#### Problem description:
Your output must be the lines below from the line containing "Narratives of Environmental Risk Workshop" to the line containing "Provoking Proverbs: Wisdom", both lines included, reproduced exactly and without pictures.

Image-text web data

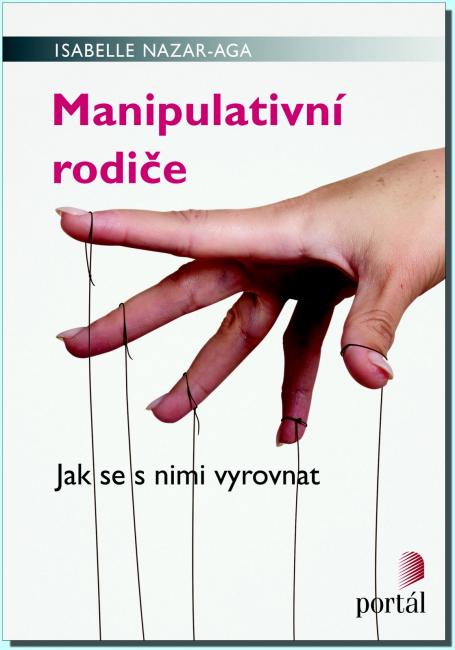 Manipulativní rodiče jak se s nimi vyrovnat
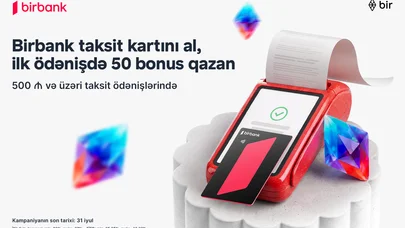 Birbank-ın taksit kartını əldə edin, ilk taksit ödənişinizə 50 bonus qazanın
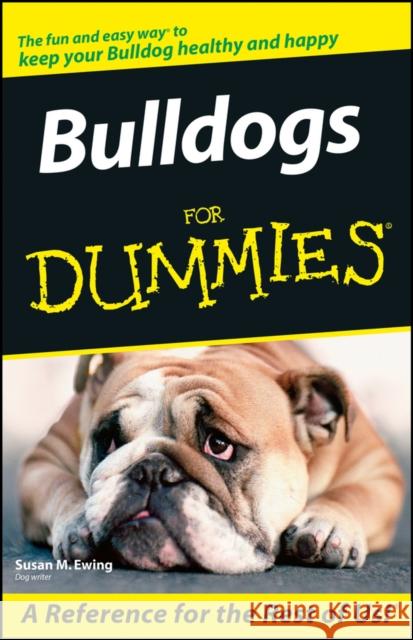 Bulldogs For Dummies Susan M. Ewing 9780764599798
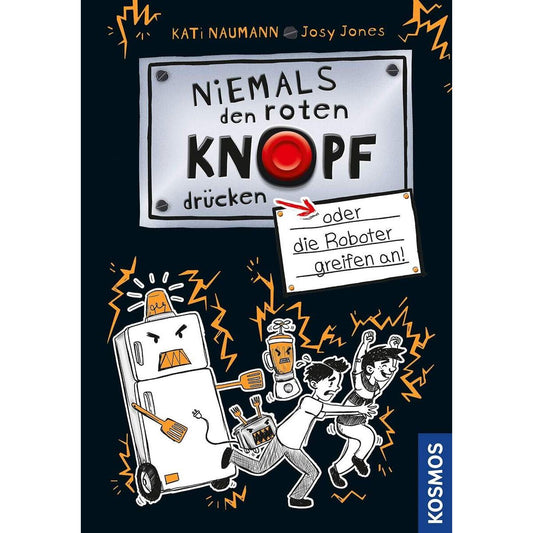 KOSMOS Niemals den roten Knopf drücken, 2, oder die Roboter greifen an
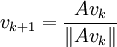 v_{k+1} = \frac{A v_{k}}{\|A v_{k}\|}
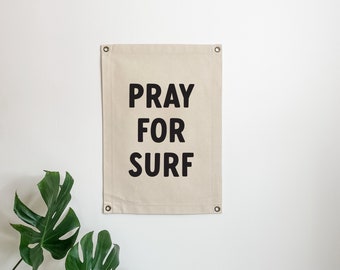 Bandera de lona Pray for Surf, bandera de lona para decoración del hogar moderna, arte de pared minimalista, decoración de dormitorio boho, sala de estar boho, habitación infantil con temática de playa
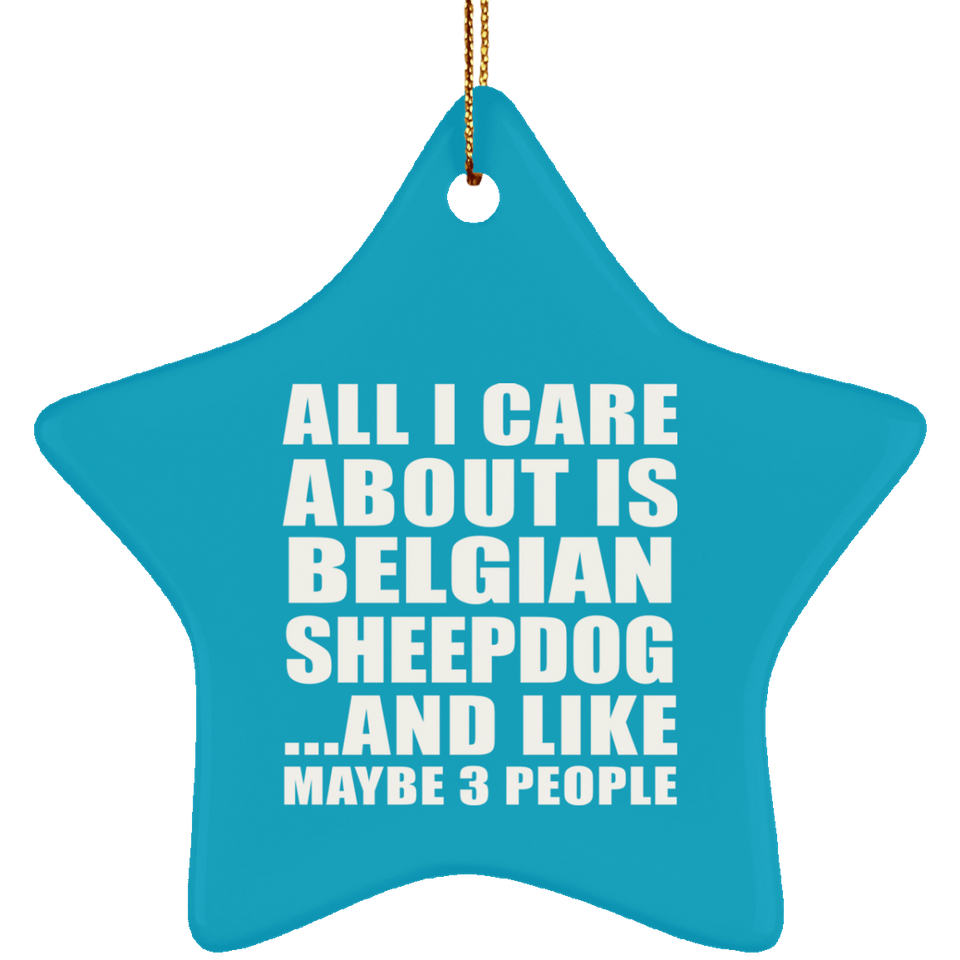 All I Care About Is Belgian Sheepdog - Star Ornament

--

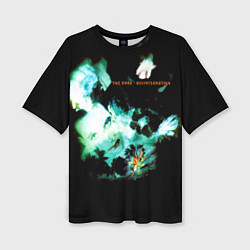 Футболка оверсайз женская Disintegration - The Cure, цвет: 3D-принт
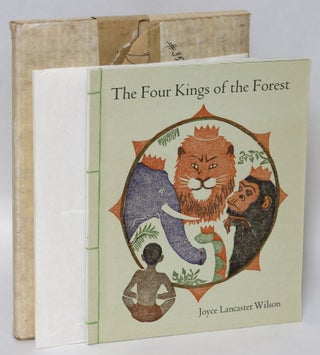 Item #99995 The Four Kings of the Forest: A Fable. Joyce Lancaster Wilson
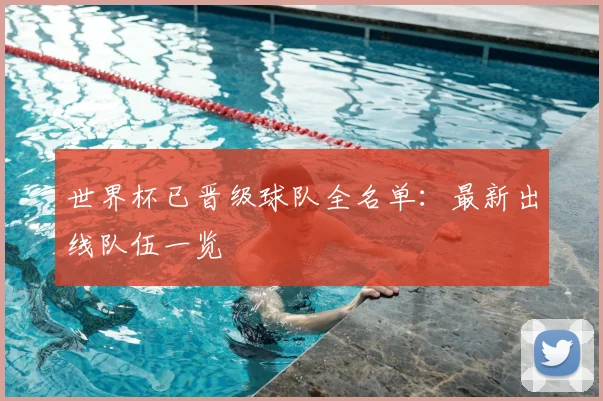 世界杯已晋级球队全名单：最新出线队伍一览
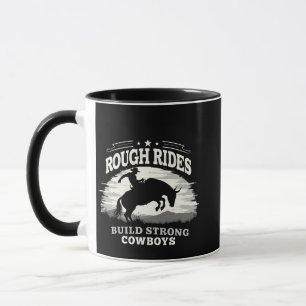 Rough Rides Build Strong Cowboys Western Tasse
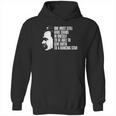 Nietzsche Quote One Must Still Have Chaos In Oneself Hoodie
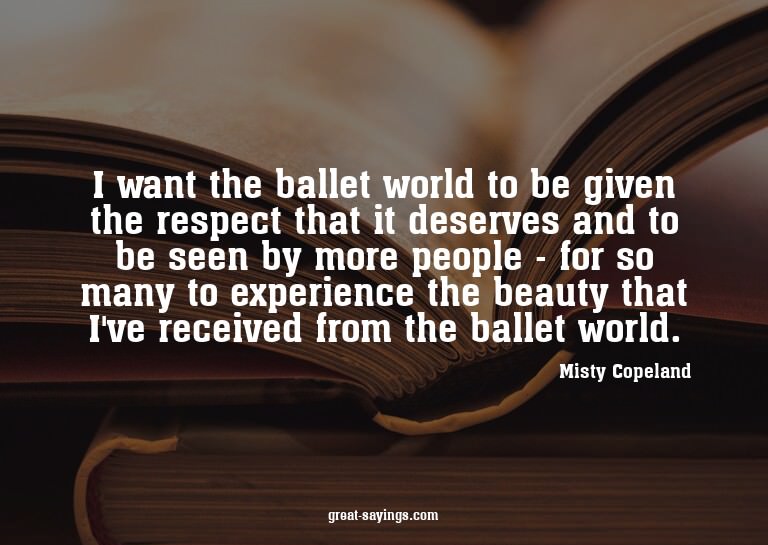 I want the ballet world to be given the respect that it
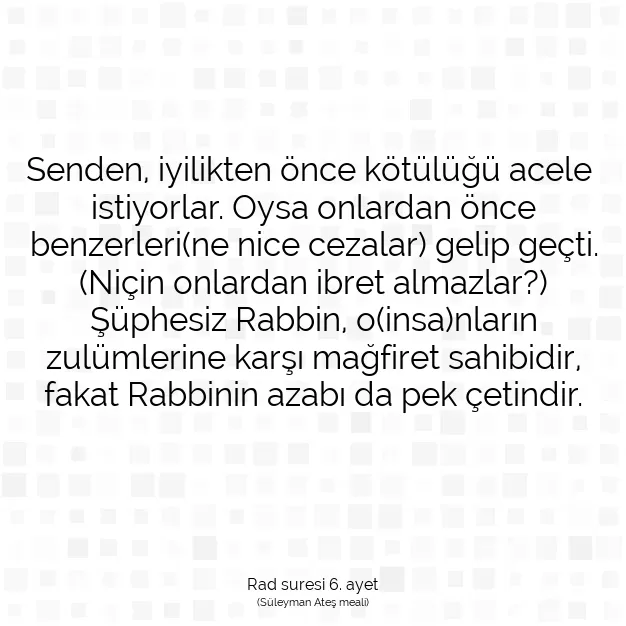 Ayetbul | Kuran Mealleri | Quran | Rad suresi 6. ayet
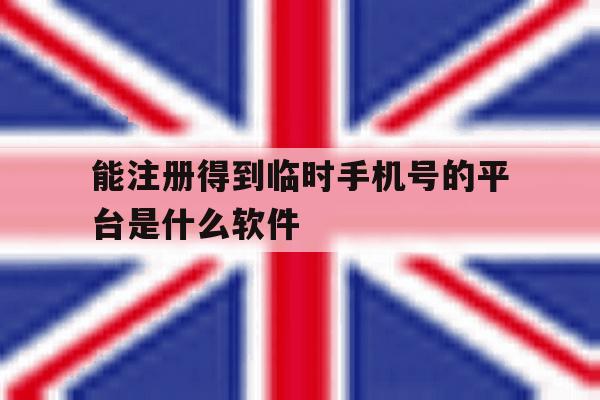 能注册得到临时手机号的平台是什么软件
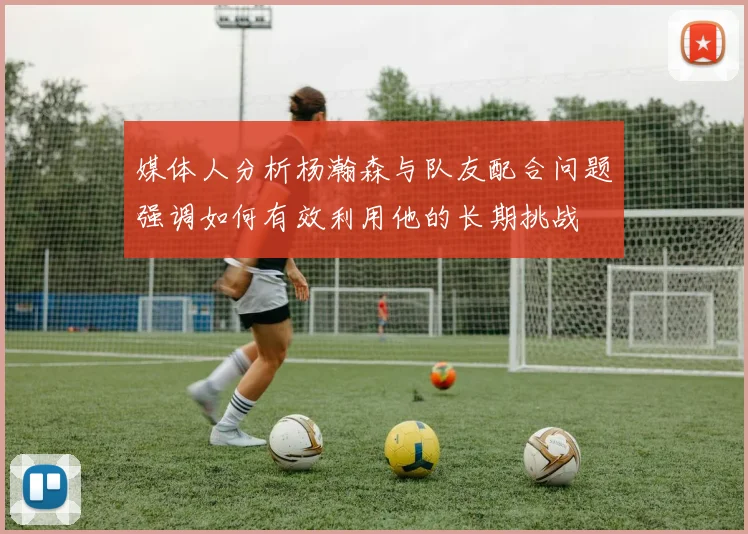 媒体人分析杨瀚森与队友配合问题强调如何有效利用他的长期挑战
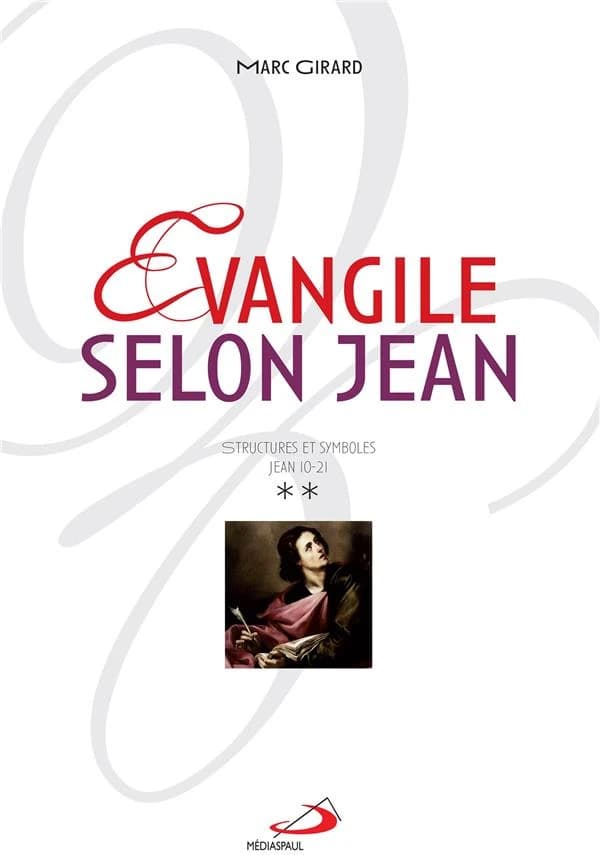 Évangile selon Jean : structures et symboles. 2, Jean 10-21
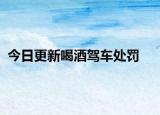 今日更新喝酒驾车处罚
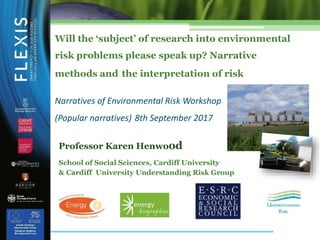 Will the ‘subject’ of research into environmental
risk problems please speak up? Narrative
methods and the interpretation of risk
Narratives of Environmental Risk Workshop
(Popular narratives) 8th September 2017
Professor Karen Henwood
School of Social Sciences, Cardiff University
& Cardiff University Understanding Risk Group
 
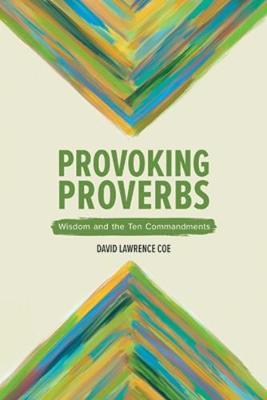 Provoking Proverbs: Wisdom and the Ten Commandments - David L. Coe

#### Reply to the task:
Narratives of Environmental Risk Workshop
(Popular narratives) 8th September 2017
Professor Karen Henwood
School of Social Sciences, Cardiff University
& Cardiff University Understanding Risk Group
 
 Provoking Proverbs: Wisdom and the Ten Commandments - David L. Coe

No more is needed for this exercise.